EXERCISE OBJECTIVE >> Could you print exactly the lines from the one that contains "The total tender" to the end of the data, both ends included, and nothing else? Skip the pictures.

AVAILABLE DATA >>
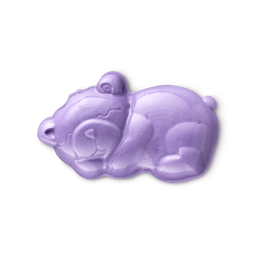 An image of LUSH | Sleepy Bear | Shower Jelly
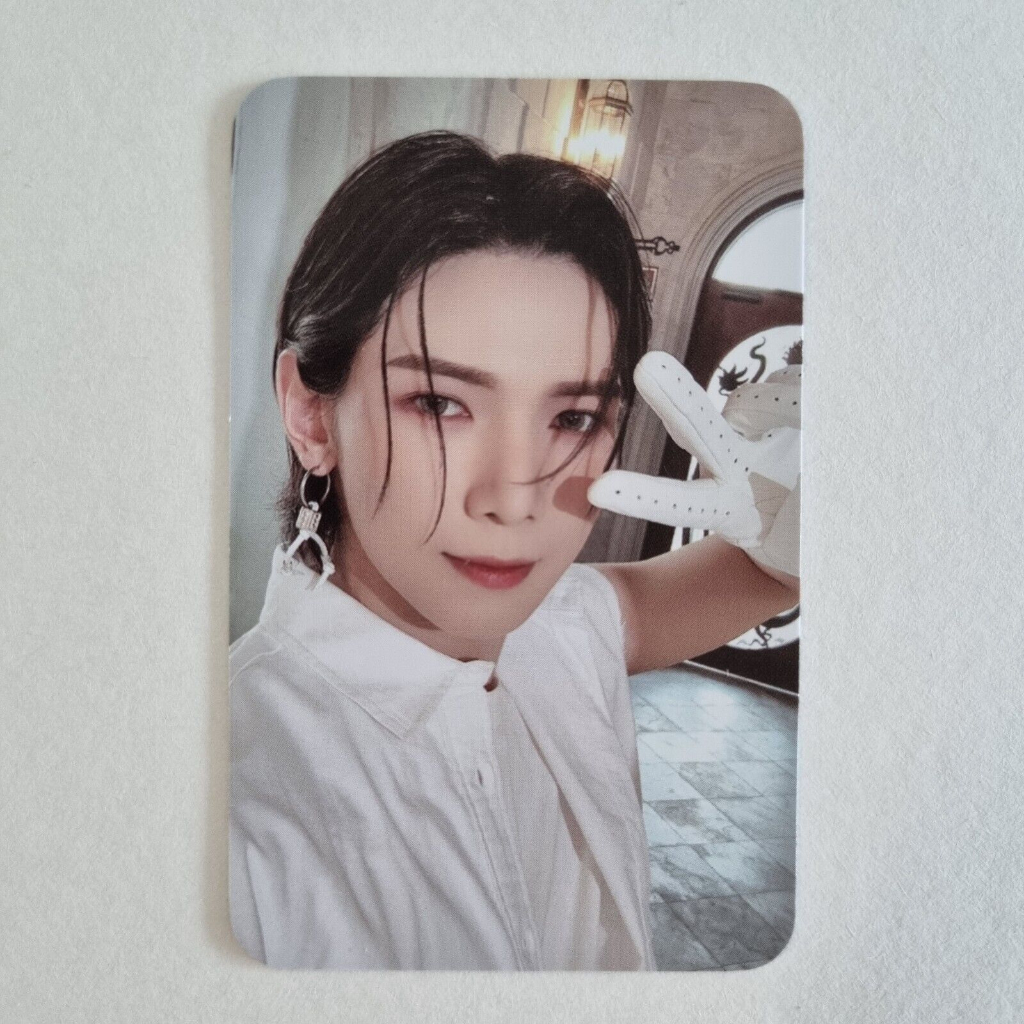 ATEEZ – Álbum The World EP.2: Outlaw (Platform Ver.) Con Tarjetas Fotos Y Póster, Envío Desde Corea Del Sur Con Regalo Exclusivo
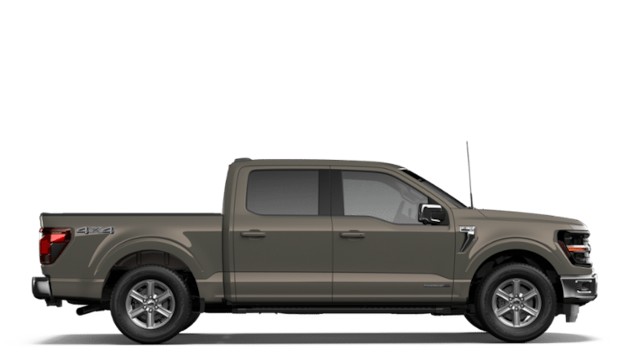 2026 Ford F-150+F-150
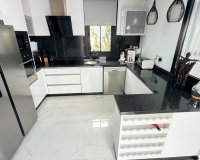 Herverkoop - Villa - Los Montesinos - La Herrada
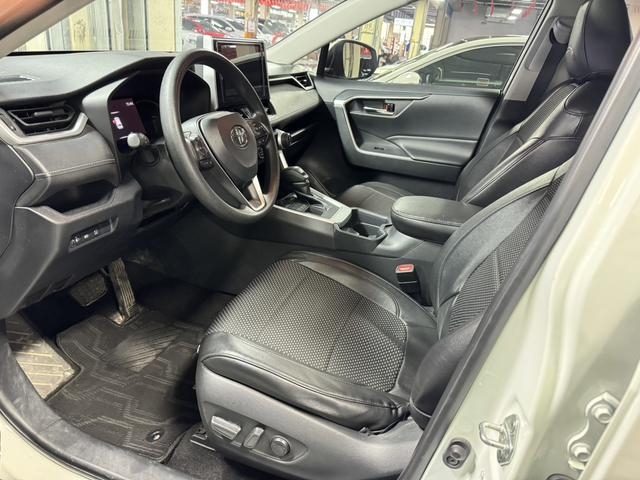 Toyota RAV4 2020 thumb 6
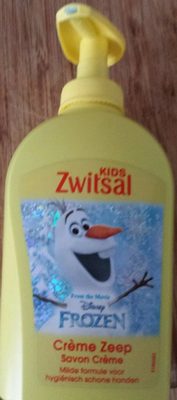 Image descriptive de KIDS ZWITSAL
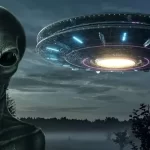 وجود فرازمینی_ها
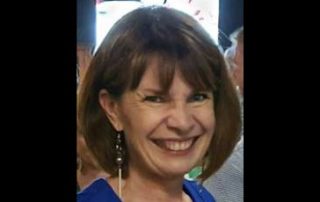 Kellie Stockton Director of Allied Health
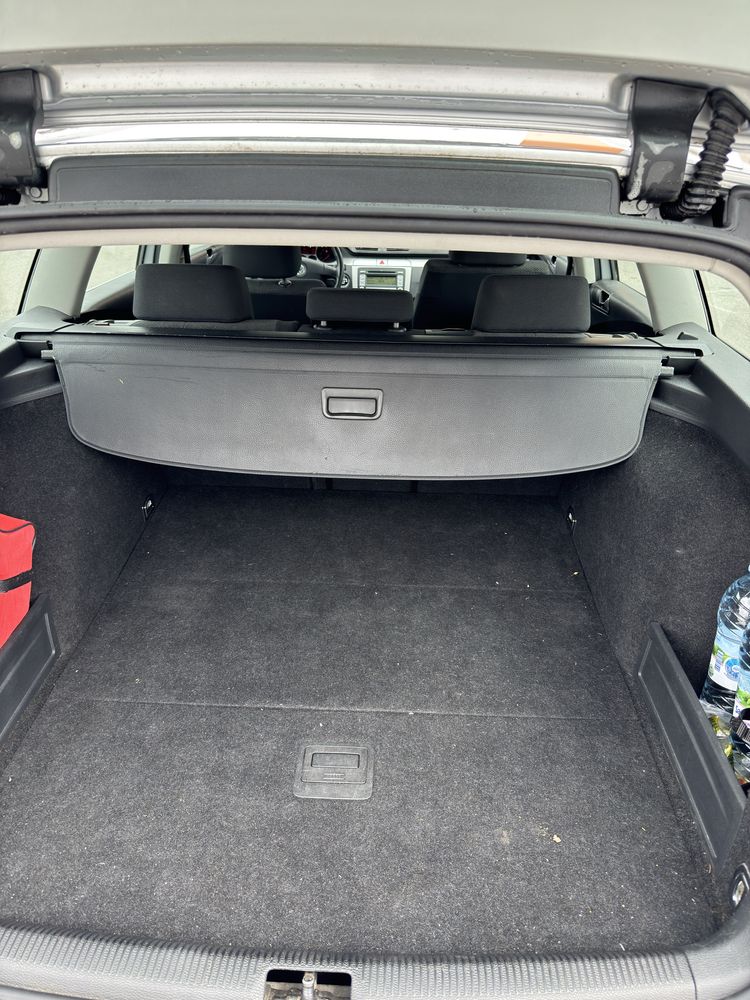 Volkswagen Passat (B6)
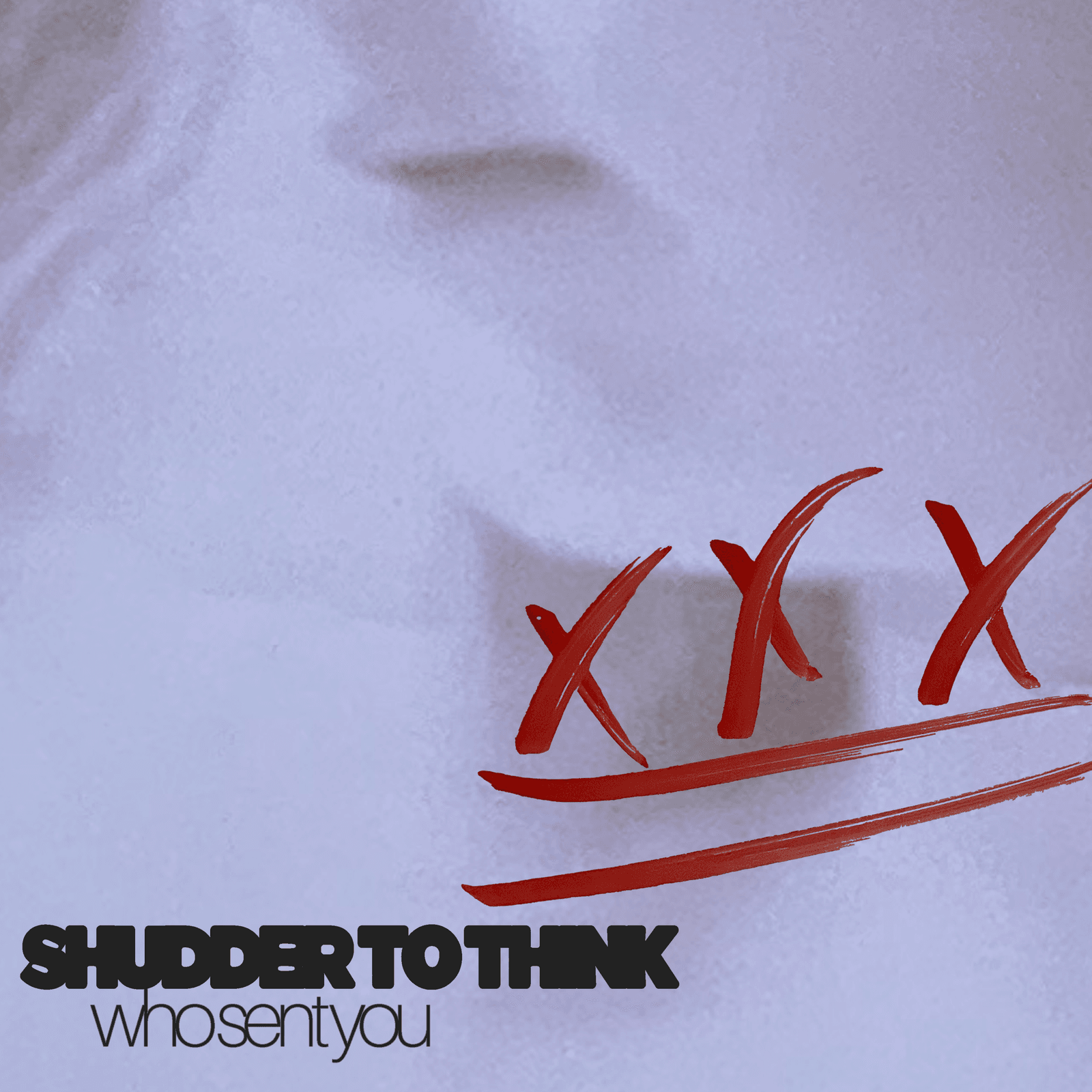 Shudder to Think Announce Who Sent You EP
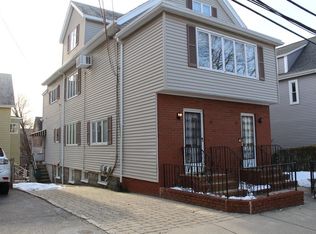40 Fairmount Ave #40, Somerville, MA 02144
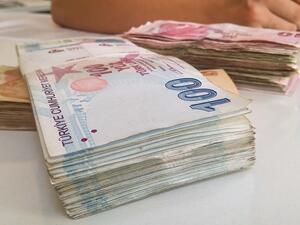 The total tender amounted to around 3.8 billion Turkish liras (nearly $734.9 million), with a 51.4 percent accepted/tendered rate.(Shutterstock)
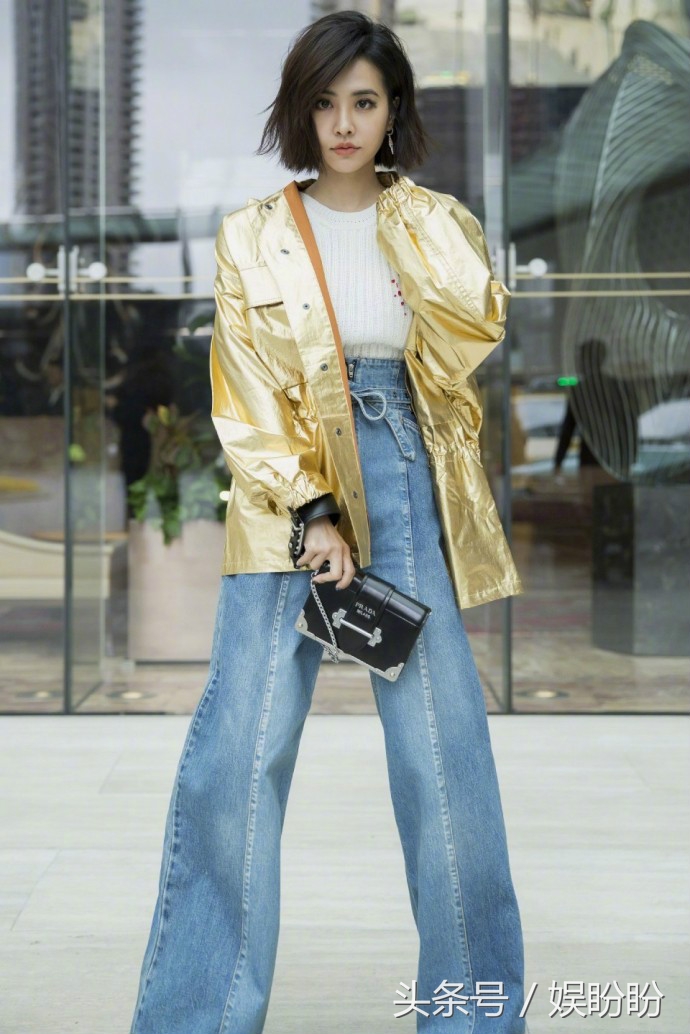 蔡依林如何从土妞变成时尚女王,蔡依林时尚转变全过程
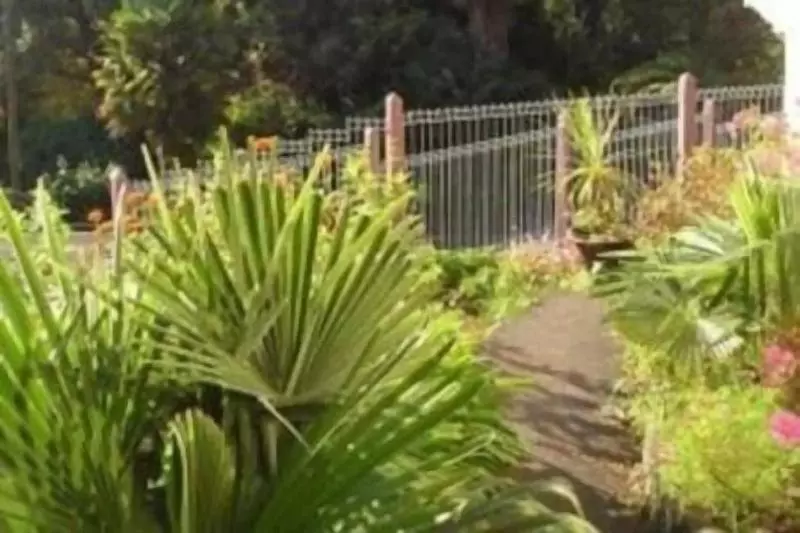 호텔 Panorama Motor Inn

EXERCISE SOLUTION >>
 The total tender amounted to around 3.8 billion Turkish liras (nearly $734.9 million), with a 51.4 percent accepted/tendered rate.(Shutterstock)
 蔡依林如何从土妞变成时尚女王,蔡依林时尚转变全过程
 호텔 Panorama Motor Inn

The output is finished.